### Exercise details:
Your copy should match the listing word for word, apart from the pictures, which are left out.

START Data shown

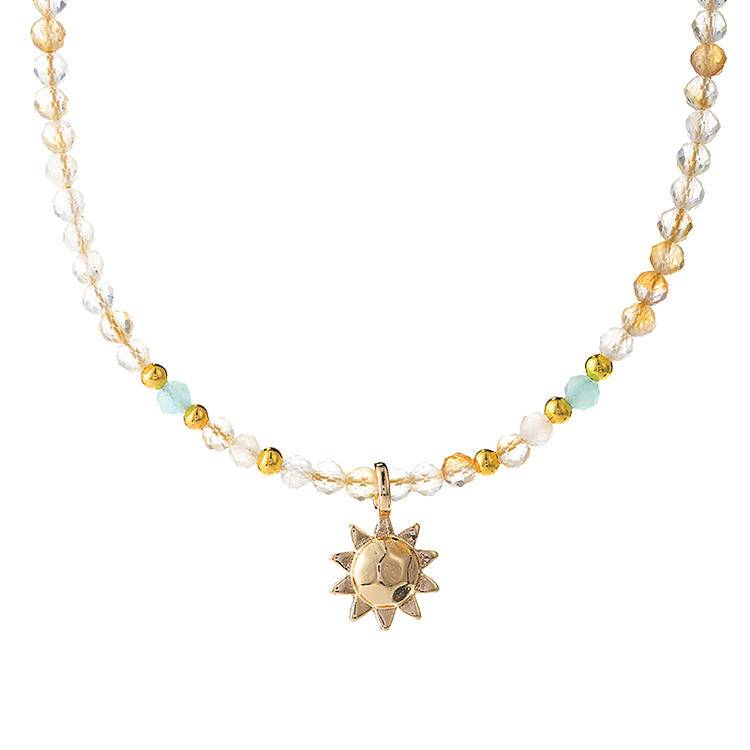 "Sunshine Tranquility" Yellow Crystal Daylight Quiet Domain Necklace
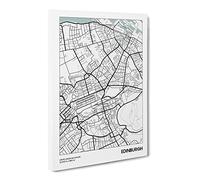 City Map Edinburgh Uk Canvas Print | Gallery Wrapped 30mm Frame Wall Art | 24x16 inches | Ready to Hang | Modern Maps Picture | Living Room Bedroom Lounge Office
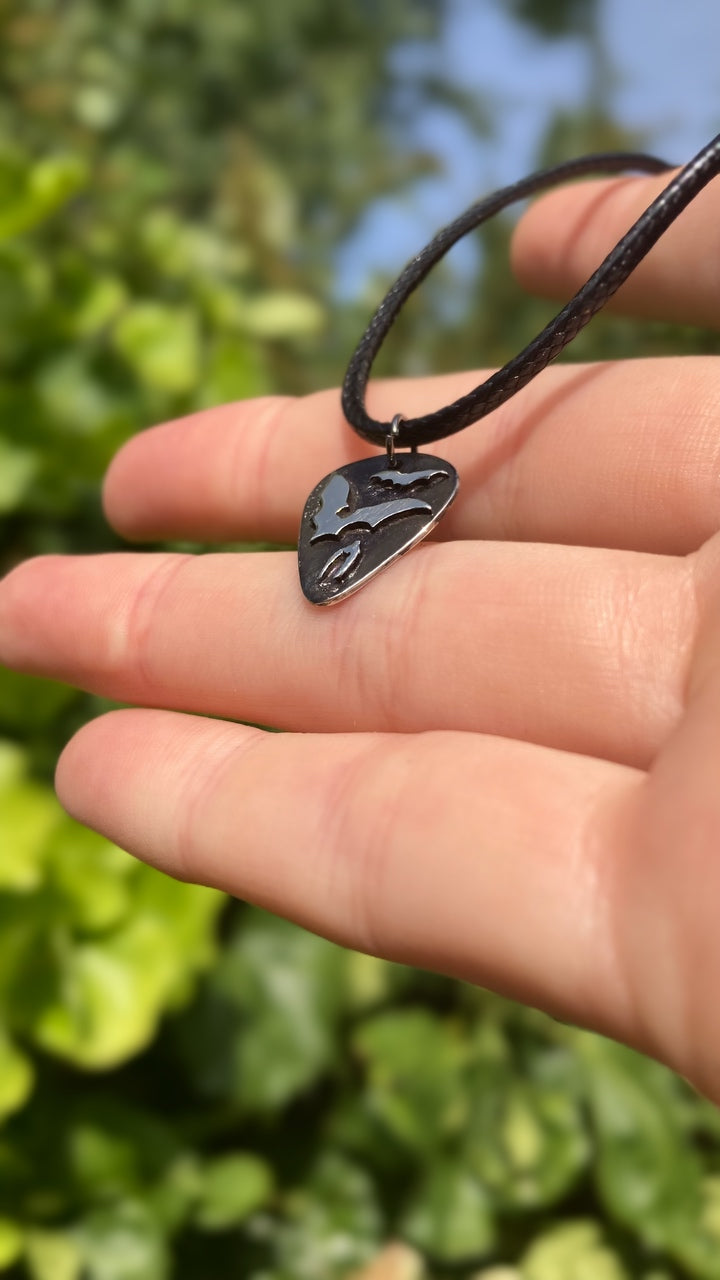 *Custom* EDDIE MUNSON Inspired Bat/Guitar Pick Sterling Silver Necklace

END Data shown

### Written answer:
 "Sunshine Tranquility" Yellow Crystal Daylight Quiet Domain Necklace
 City Map Edinburgh Uk Canvas Print | Gallery Wrapped 30mm Frame Wall Art | 24x16 inches | Ready to Hang | Modern Maps Picture | Living Room Bedroom Lounge Office
 *Custom* EDDIE MUNSON Inspired Bat/Guitar Pick Sterling Silver Necklace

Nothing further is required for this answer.